Wednesday, July 11, 2012

Testimony to the OEIB on High Stakes Testing

To: The Oregon Education Investment Board

The State Board of Education recently adopted a rule on teacher and administrator evaluation that can open the door to the use of standardized test scores as part of that evaluation. Such test scores would also play a role in other proposals, such as “common standardized formative assessments” and a longitudinal data base of individual student information.

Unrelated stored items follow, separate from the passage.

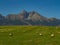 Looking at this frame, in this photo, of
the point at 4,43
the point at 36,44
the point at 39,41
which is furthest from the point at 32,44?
the point at 4,43

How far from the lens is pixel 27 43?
27.4 meters

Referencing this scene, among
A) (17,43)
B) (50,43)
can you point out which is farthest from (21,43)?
(50,43)

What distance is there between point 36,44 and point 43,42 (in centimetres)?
171

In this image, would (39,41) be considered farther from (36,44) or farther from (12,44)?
(12,44)

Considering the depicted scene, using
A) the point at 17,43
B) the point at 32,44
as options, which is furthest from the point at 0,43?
the point at 32,44

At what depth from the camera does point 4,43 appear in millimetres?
27641

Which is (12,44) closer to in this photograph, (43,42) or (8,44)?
(8,44)

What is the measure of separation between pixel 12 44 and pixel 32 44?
3038mm

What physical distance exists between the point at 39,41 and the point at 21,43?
295cm

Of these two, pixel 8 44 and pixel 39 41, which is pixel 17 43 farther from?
pixel 39 41

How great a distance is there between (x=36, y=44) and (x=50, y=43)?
215cm

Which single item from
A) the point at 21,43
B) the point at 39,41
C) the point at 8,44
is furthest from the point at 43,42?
the point at 8,44

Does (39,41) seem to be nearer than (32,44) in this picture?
No

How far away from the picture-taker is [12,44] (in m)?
27.0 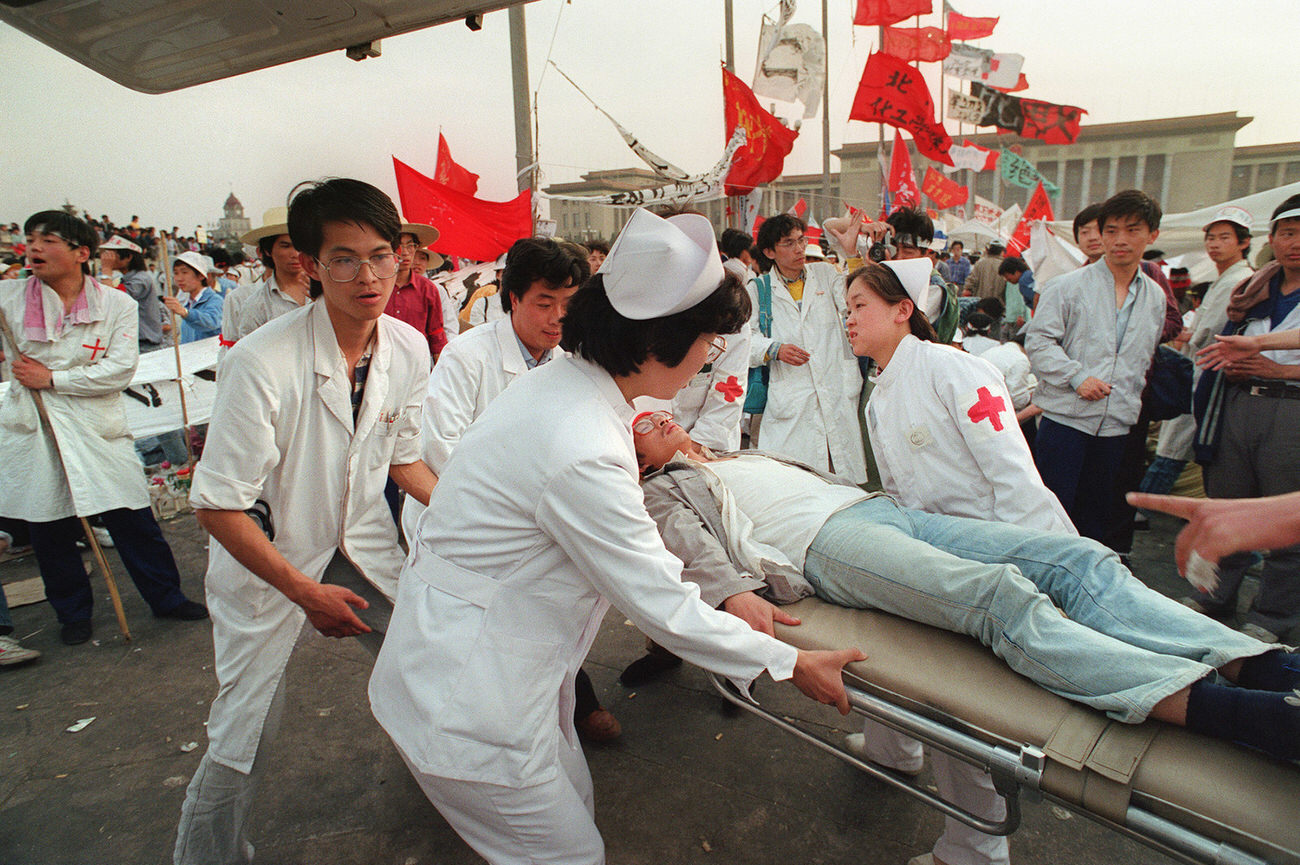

Standardized test scores have built-in limitations. House Bill 2220, adopted in 2011, was cited by the Board in referring to a student’s progress toward becoming proficient in a “continuum of knowledge and skills” in mathematics and language arts. Test scores based on that continuum communicate nothing to a student’s parents other than whether the student passed, and they only communicate to teachers whether the student is near, above or below the acceptable point on that continuum for a given grade level. They do not tell what exactly a student knows or does not know, and if a student falls below the acceptable point, the scores do not tell why. In other words, the scores communicate no information on the actual standards the tests are supposed to represent

The “continuum” is a psychometric, mathematical model, with tests constructed separately for the supposed continuum of each subject matter. It is not a model of learning or knowledge.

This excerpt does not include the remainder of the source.